Scot McKnight is a recognized authority on the New Testament, early Christianity, and the historical Jesus. McKnight, author of more than forty books, is the Professor of New Testament at Northern Seminary in Lombard, IL.

  • http://lotharlorraine.wordpress.com/ Lothar Lorraine

    I don’t have only one voice in my head while thinking about this issue.

    On the one hand I like churches where every committed member (ideally regardless of her sex) can preach after having proven their love for the Lord and fellow humans.
    This possibility for everyone to preach is extremely enriching and can foster many hearers in their spiritual journey.

    On the other hands, consecration is beautiful and avoids excesses and the chaos one sees in some free churches.

    Lovely greetings from France and Germany.
    Lothars Sohn – Lothar’s son
    http://lotharlorraine.wordpress.com

  • Kent Anderson

    In one respect ordination also provides an essential component – accountability to the ordaining group. This may become even more importnant in the days ahead.

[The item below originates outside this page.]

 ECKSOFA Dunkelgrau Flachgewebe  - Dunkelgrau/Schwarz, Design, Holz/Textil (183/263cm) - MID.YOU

  • http://transformingseminarian.blogspot.com Mark Baker-Wright

    The accountability argument is definitely one that needs serious consideration in any discussion on this topic (whatever the other results of such a discussion might turn out to be).

  • Tertullian2009

    The main question IMO is who determines who goes to seminary–the individual, the congregation, or both? In my experience it has been the individual who decides to go to seminary following some Isaianic or Jermemiac “call” and only then does the congregation “get behind it..”

  • Rick

    But is seminary required?
    And cannot one go to seminary without the goal of pastoring a church?

  • dougchaplin

    Obviously using the pastoral epistles brings added complications of when and by whom they were written, and what relationship they have with Paul, but surely 2 Tim 1:6 has its own fairly clear answer to your last question: “the *gift of God* which is in you through the laying on of *my* hands”

  • Tertullian2009

    No, not required, but it is unlikely IMO that a person is capable of structuring their own learning situation to be as comprehensive as seminary is. And certainly, one doesn’t need to have the end goal of pastoring a church to attend seminary. Many a graduate student have chosen “the academy” as the best way to serve the church.

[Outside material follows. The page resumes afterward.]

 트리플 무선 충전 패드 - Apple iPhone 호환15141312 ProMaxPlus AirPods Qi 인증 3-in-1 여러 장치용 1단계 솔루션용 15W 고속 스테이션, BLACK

  • http://chrismorton.info Chris Morton

    It would be helpful for me to see the argument FOR ordination.

  • Steven W. De Bernardi

    I think it is a local congregation issue only. “Ordination” to a particular “office”/function and accountability to those who have called out the individual for special service. If the one ordained no longer performs the function the ordination is revoked. No limit on how many times one person can be installed in a ministry position. And, in the USA there are tax considerations/perks and professional staure that also come into play.

  • Eddy Hall

    It seems to me that to answer this question thoughtfully, we would need to tease apart several strands that have become conflated in our culture.
    1. Does the New Testament guide us to continue the clergy/laity distinction that is found in the Old Testament, or is that distinction done away with in the church era? If it is, then “ordination” as it is practiced in many churches today would be outdated.
    2. Is the practice of laying on of hands to be equated with ordination of clergy? Or does it have much broader application than that? When it was used in the first century church, did it or did it not imply a clergy/laity distinction?

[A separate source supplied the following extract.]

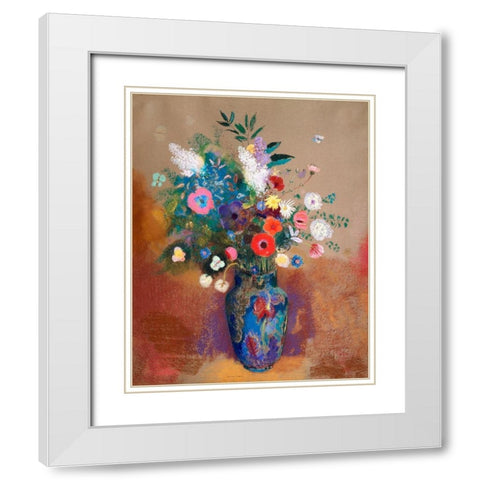 Bouquet of Flowers White Modern Wood Framed Art Print with Double Matting by Redon, Odilon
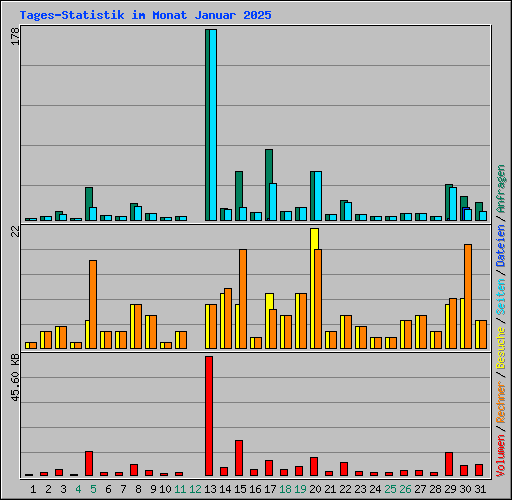 Tages-Statistik im Monat Januar 2025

    I am not an academic, but my understanding is that the clergy/laity distinction did not appear in the church until the 2nd century. If that is the case, the practice of laying on of hands in the 1st century church would not have carried with the the meaning of ordination to clergy, but rather commissioning for a particular ministry role. In my congregation, for example, we lay on hands whenever a person assumes a new leadership role in the church as a ministry team leader or a house church shepherd.

  • Jeremy B.

    Yeah, but is that descriptive of that situation or prescriptive of how churches were founded? I think that’s a description of a particular case as Paul is greeting someone he personally sent out. There’s no indication that this was always the case.